Unfortunately, this is not an official setup supported by Hortonworks lately.

"When working with the cloud using cloud URIs do not change the value of fs.defaultFS to use a cloud storage connector as the filesystem for HDFS. This is not recommended or supported. Instead, when working with data stored in S3, ADLS, or WASB, use a fully qualified URL for that connector."

Therefore you might fix this by

  1. forking Cloudbreak code,
  2. modifying this part to meet your needs
  3. building your version of cloudbreak.jar
  4. copying it into cbreak_cloudbreak_1 container
  5. restarting the application.

You might consider opening an issue in Cloudbreak github repo, the team will investigate it deeper then.

View solution in original post

5 REPLIES 5

avatar
Super Collaborator

Not sure what your plan is? If you decommission a data node avoiding that the rebalancing takes places could lead to data loss. For sure it will leave some file chunks without any redundant storage. So either you are able to delete some data on your HDFS to allow the rebalancing to suceed, or you add some capacity (i.e. with a new temporary node) to hdfs before decommissioning the data node.

avatar

Thank you for your quick response. I don't have any plan to keep the data on local HDFS and therefore, using Azure WASB for all storage (no worry of data loss). Redundancy will be covered by WASB and no plans to keep data on local HDFS. So, when I am using default storage as WASB then why I should add some capacity to local HDFS for decommissioning?

avatar

@Abhishek Sakhuja

This seems to be an issue with HDFS not calculating free spaces correctly when not used as defaultFS.

Unfortunately, this is not an official setup supported by Hortonworks lately.

"When working with the cloud using cloud URIs do not change the value of fs.defaultFS to use a cloud storage connector as the filesystem for HDFS. This is not recommended or supported. Instead, when working with data stored in S3, ADLS, or WASB, use a fully qualified URL for that connector."

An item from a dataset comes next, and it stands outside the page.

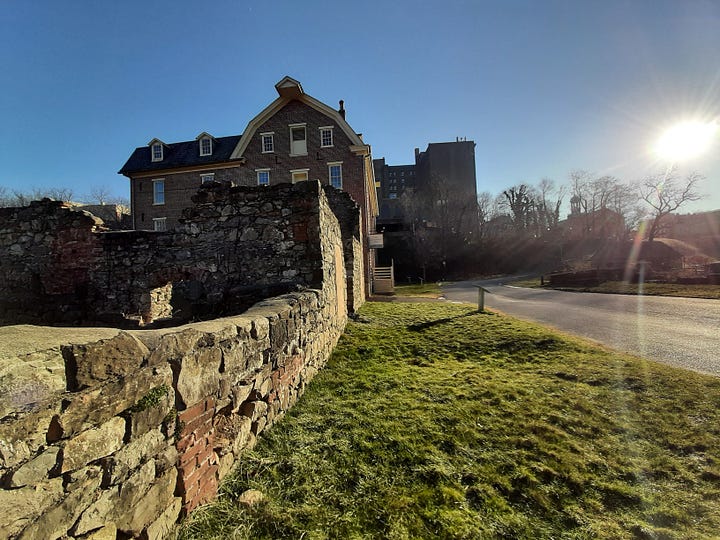 Old stone buildings, including a blacksmith shop, stand in Bethlehem PA.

Therefore you might fix this by

  1. forking Cloudbreak code,
  2. modifying this part to meet your needs
  3. building your version of cloudbreak.jar
  4. copying it into cbreak_cloudbreak_1 container
  5. restarting the application.

You might consider opening an issue in Cloudbreak github repo, the team will investigate it deeper then.

avatar

@pdarvasi Thank you so much for answering and this is what I was looking for. Let me see how we can make these working.

avatar

@pdarvasi Finally found the solution to this issue. Here are my findings:

When we started HDP using cloudbreak, HDP default configuration had calculated non-HDFS reserved storage "dfs.du.datanode.reserved" (approx 3.5 %) on total disk for the lowest storage configured for a datanode (among the compute config groups) which had three drives and one drive was in TBs. Our default configuration to store data on datanode "dfs.datanode.data.dir" was pointing to a drive with lowest capacity (around 3 % of overall DN storage). This 3 % < 3.5 % had made HDFS capacity as 0% and our existing datanode storage had some supporting directories and files in KBs which had resulted in marking negative KB capacity of the datanode. To fix the downscaling issue, either, we need to lower down non hdfs reserved capacity (lower than 3 %) or point our datanode to higher disk capacity (greater than 3.5 %)

I had tried this and it worked. No more changing WASB URI, therefore, keeping it as a default storage. However, I am thankful to you for making suggestions.